_Problem description_
Transcribe exactly the lines below that begin at the line with "1866 Waterhouse Hawkins model dinosaurs 1866" and stop after the line with "2075 County Rd 180, New Albany, MS 38652", leaving out every picture.

_Records_
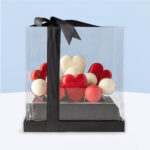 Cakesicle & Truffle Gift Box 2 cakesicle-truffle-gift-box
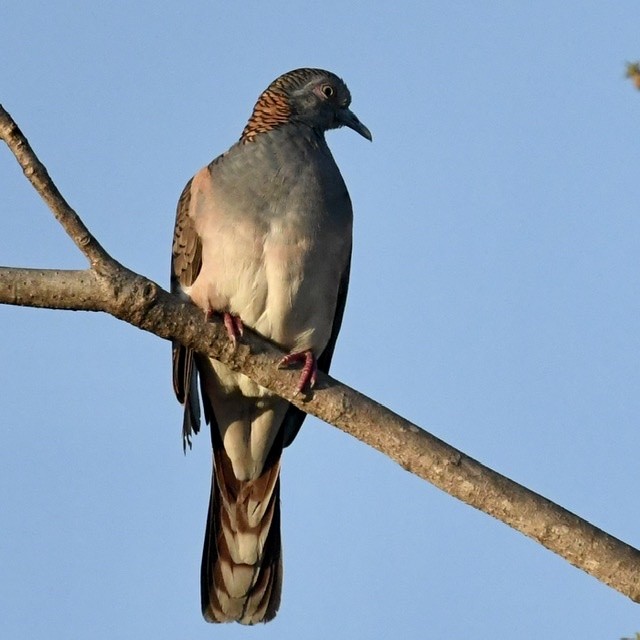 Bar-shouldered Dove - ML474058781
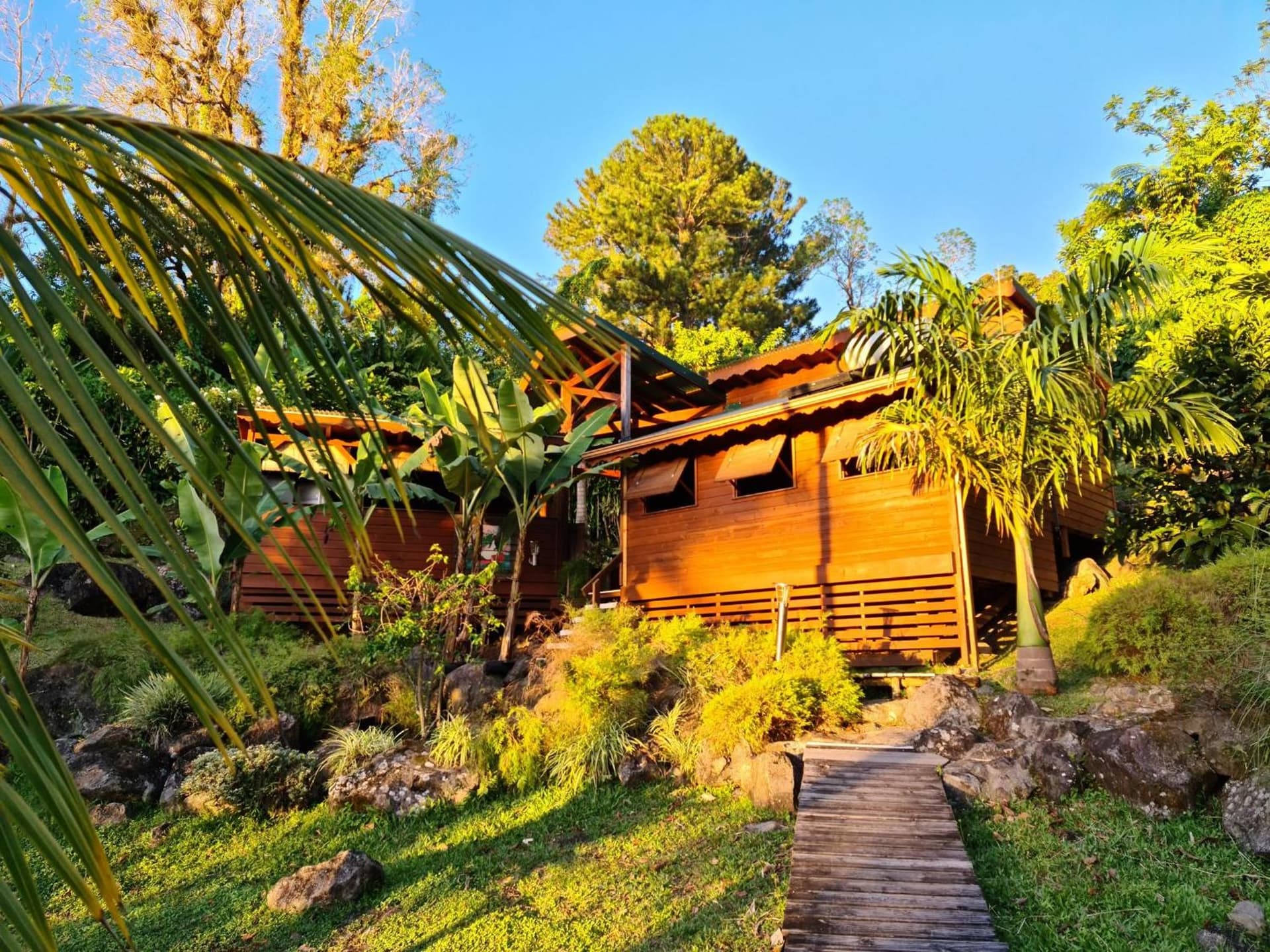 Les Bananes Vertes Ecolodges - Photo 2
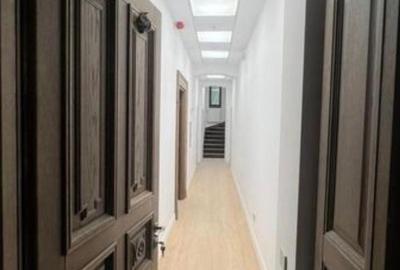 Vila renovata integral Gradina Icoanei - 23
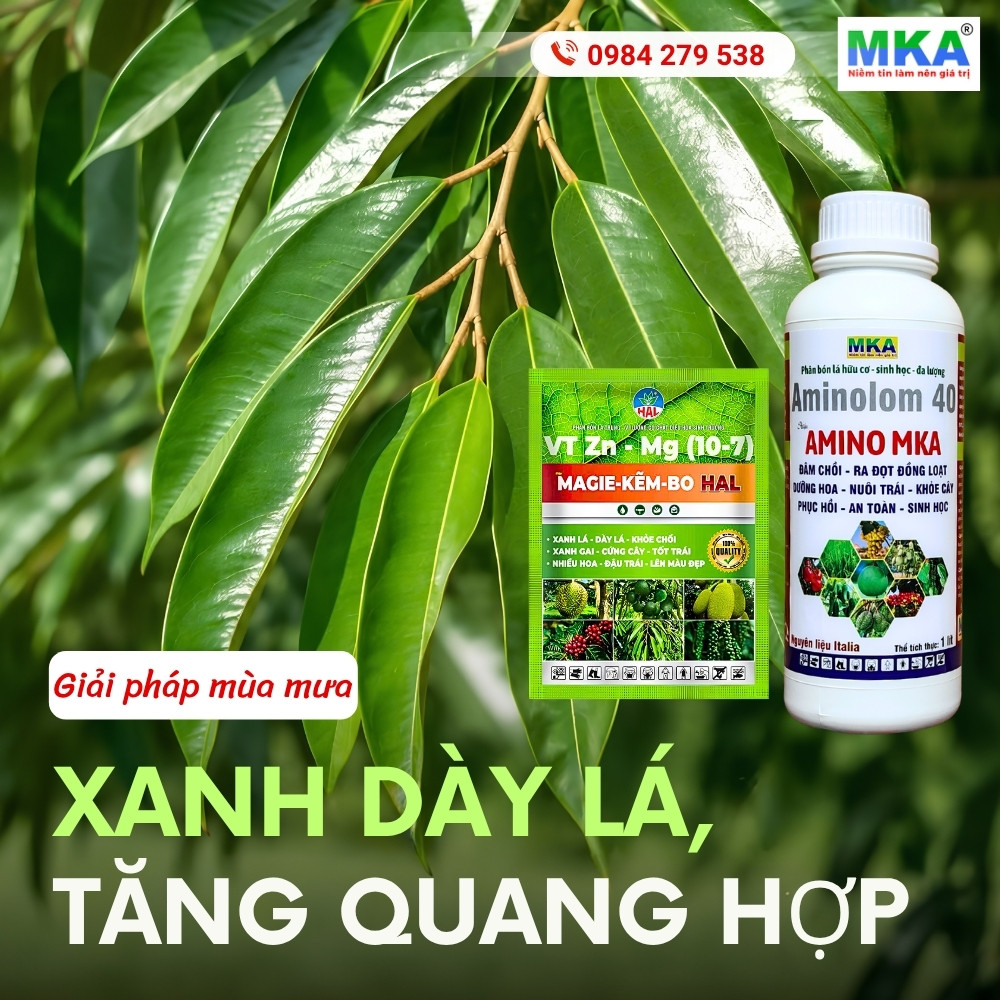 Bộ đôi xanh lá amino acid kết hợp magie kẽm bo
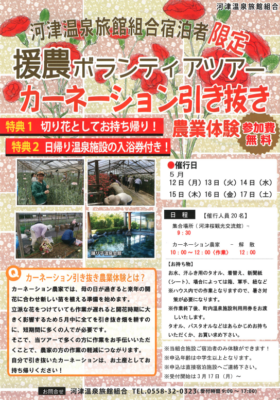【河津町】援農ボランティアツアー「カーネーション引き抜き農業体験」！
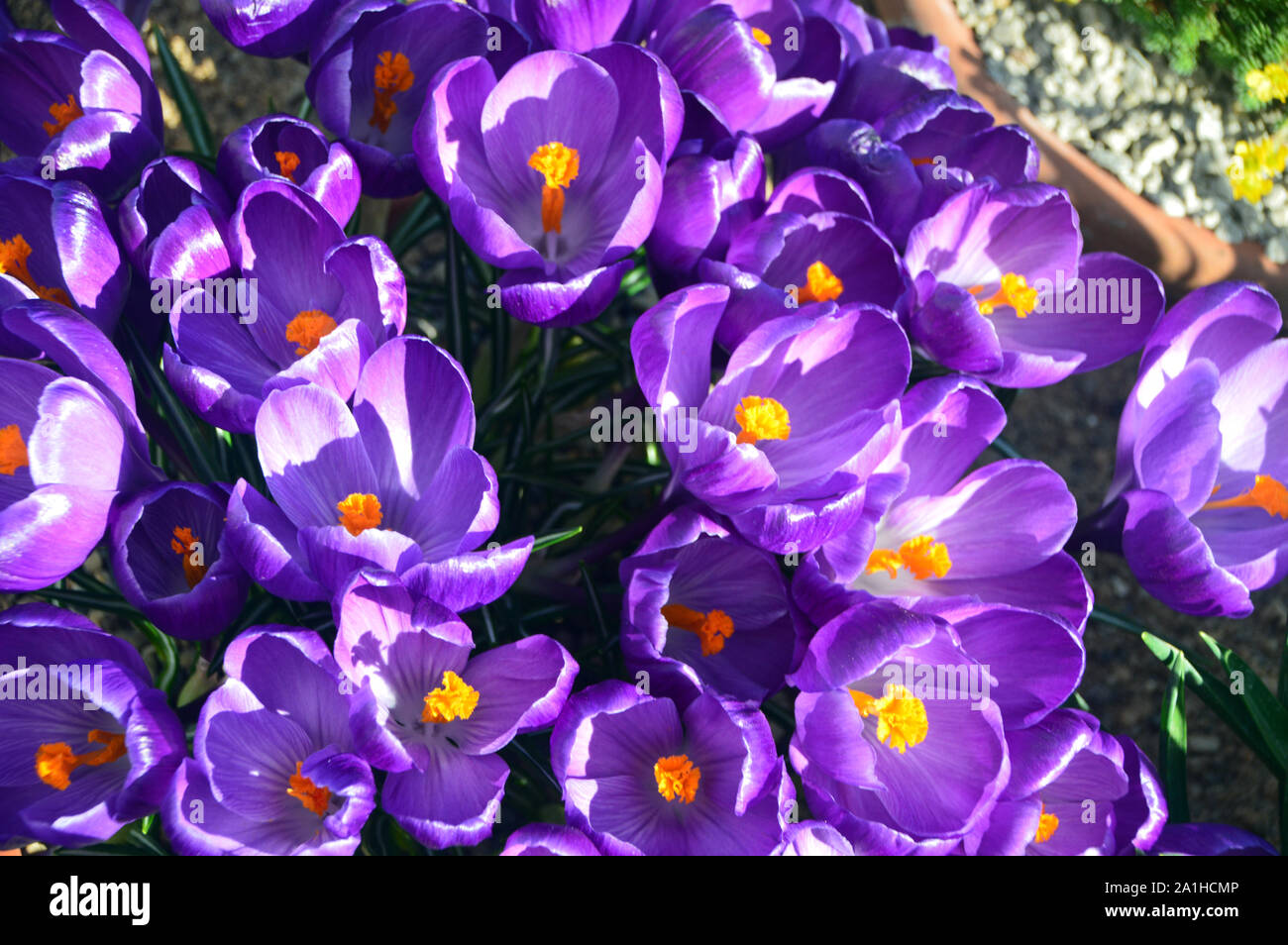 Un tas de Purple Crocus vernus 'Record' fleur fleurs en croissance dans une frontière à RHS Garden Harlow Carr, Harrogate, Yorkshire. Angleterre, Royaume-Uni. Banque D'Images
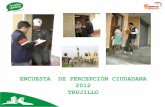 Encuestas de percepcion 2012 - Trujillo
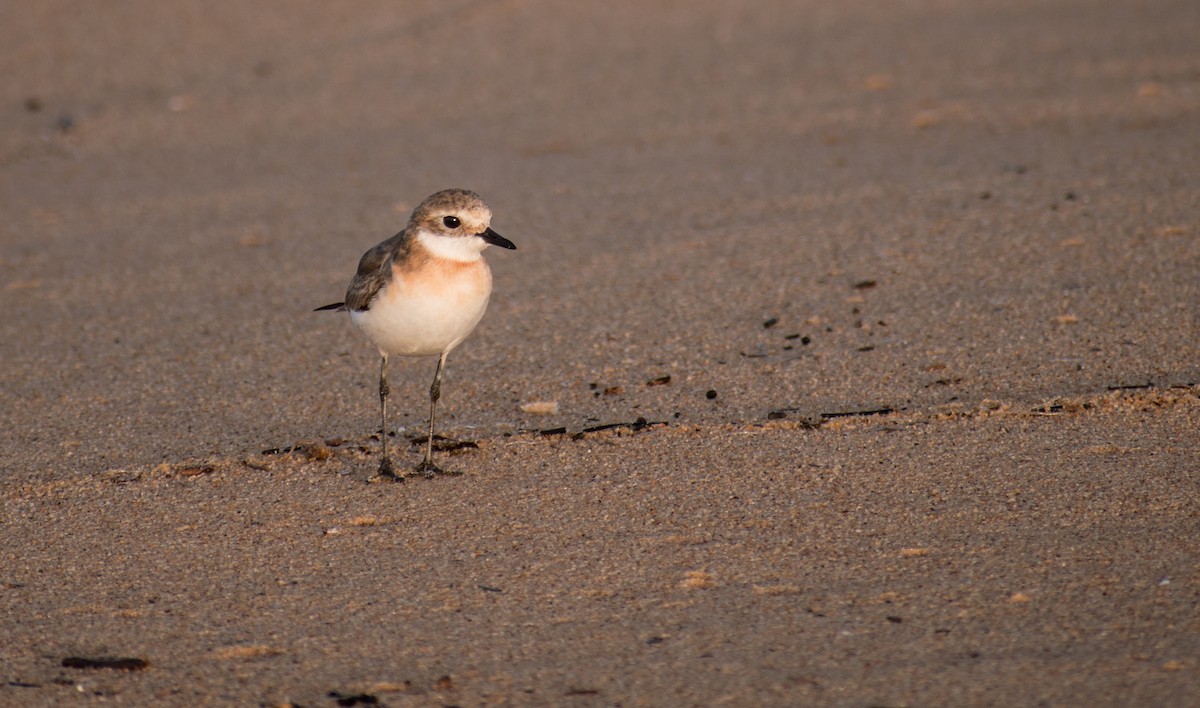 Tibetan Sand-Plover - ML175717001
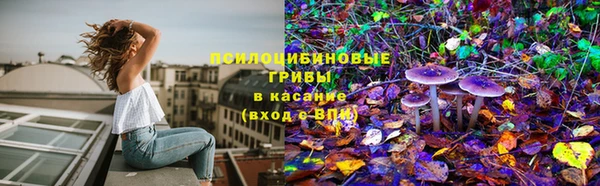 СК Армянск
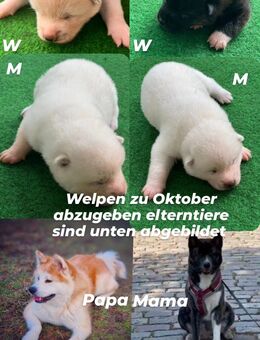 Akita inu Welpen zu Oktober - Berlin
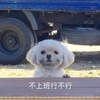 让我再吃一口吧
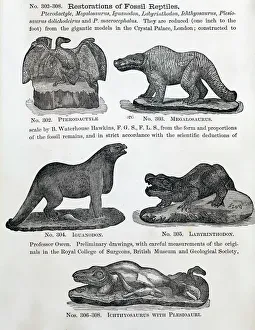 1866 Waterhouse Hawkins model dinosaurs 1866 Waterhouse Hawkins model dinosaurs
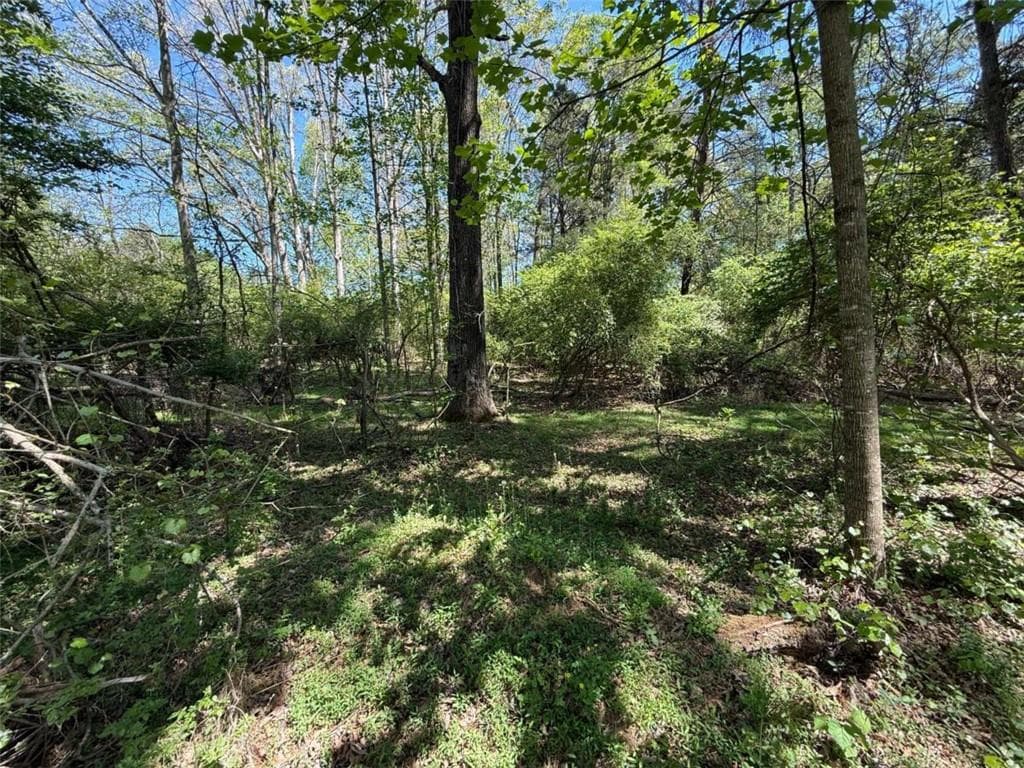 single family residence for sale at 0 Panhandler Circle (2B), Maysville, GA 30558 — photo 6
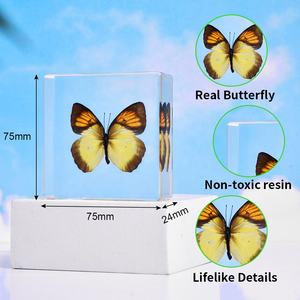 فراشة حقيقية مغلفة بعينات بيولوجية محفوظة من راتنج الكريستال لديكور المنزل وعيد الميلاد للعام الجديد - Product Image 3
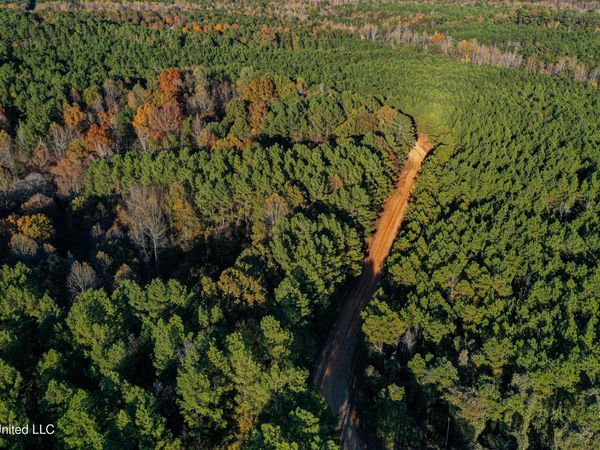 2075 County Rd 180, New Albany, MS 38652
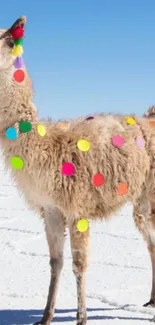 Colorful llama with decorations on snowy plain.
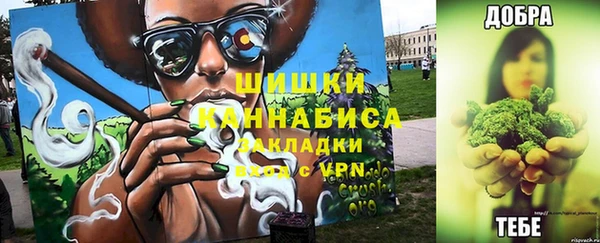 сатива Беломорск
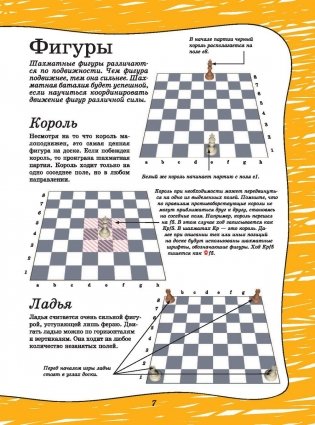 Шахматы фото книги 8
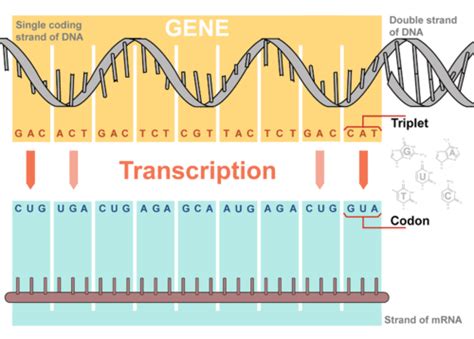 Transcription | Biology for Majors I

_Written response_
 1866 Waterhouse Hawkins model dinosaurs 1866 Waterhouse Hawkins model dinosaurs
 single family residence for sale at 0 Panhandler Circle (2B), Maysville, GA 30558 — photo 6
 فراشة حقيقية مغلفة بعينات بيولوجية محفوظة من راتنج الكريستال لديكور المنزل وعيد الميلاد للعام الجديد - Product Image 3
 2075 County Rd 180, New Albany, MS 38652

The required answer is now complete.